The collision of data and analytics will increase interaction and collaboration between historically separate data and analytics roles. This impacts not only the technologies and capabilities provided, but also the people and processes that support and use them. The spectrum of roles will extend from traditional data and analytics roles in IT to information explorer, consumer and citizen developer as an example.

To turn the collision into a constructive convergence, incorporate both data and analytics tools and capabilities into the analytics stack. Beyond tools, focus on people and processes to foster communication and collaboration. Leverage data and analytics ecosystems enabled by an augmented approach that have the potential to deliver coherent stacks."

Trend 10: Relationships form the foundation of data and analytics value

"By 2023, graph technologies will facilitate rapid contextualization for decision making in 30% of organizations worldwide. Graph analytics is a set of analytic techniques that allows for the exploration of relationships between entities of interest such as organizations, people and transactions.

It helps data and analytics leaders find unknown relationships in data and review data not easily analyzed with traditional analytics.

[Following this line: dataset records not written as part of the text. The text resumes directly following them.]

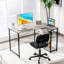 Ottman L-Shaped Computer Desk-948375598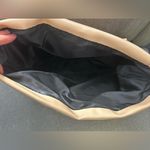 Victoria's Secret Victoria’s Secret - Handbag Photo 2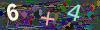 captcha-1785390386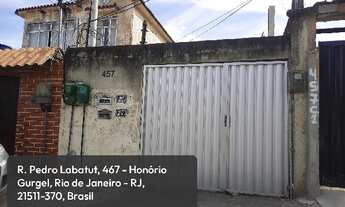 Imagem: Oportunidade Única em RIO DE JANEIRO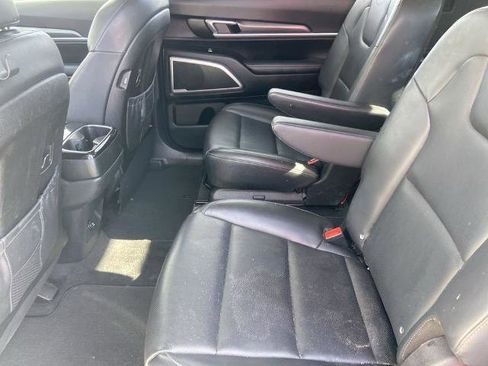Used 2021 Kia Telluride S image 21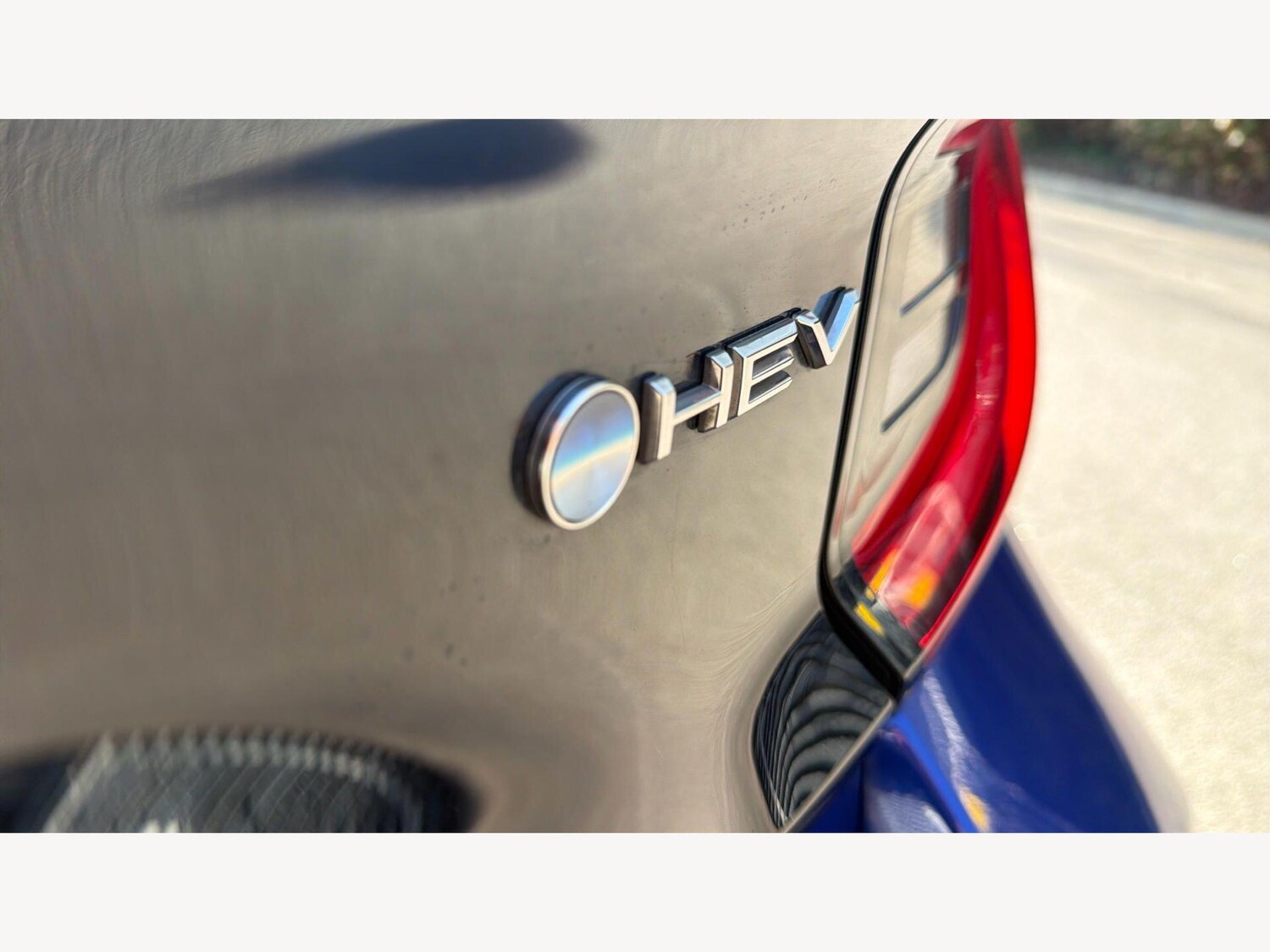 Used Toyota Yaris for sale - 77769396: Photo 30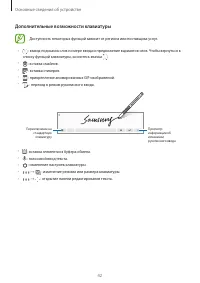 Страница 42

For example, as the world scrambles to respond to current and future pandemics, graph technologies can relate entities across everything from geospatial data on people’s phones to facial-recognition systems that can analyze photos to determine who might have come into contact with individuals who later tested positive for the coronavirus.

Consider investigating how graph algorithms and technologies can improve your AI and ML initiatives

When combined with ML algorithms, these technologies can be used to comb through thousands of data sources and documents that could help medical and public health experts rapidly discover new possible treatments or factors that contribute to more negative outcomes for some patients.

Data and analytics leaders need to evaluate opportunities to incorporate graph analytics into their analytics portfolios and applications to uncover hidden patterns and relationships. In addition, consider investigating how graph algorithms and technologies can improve your AI and ML initiatives."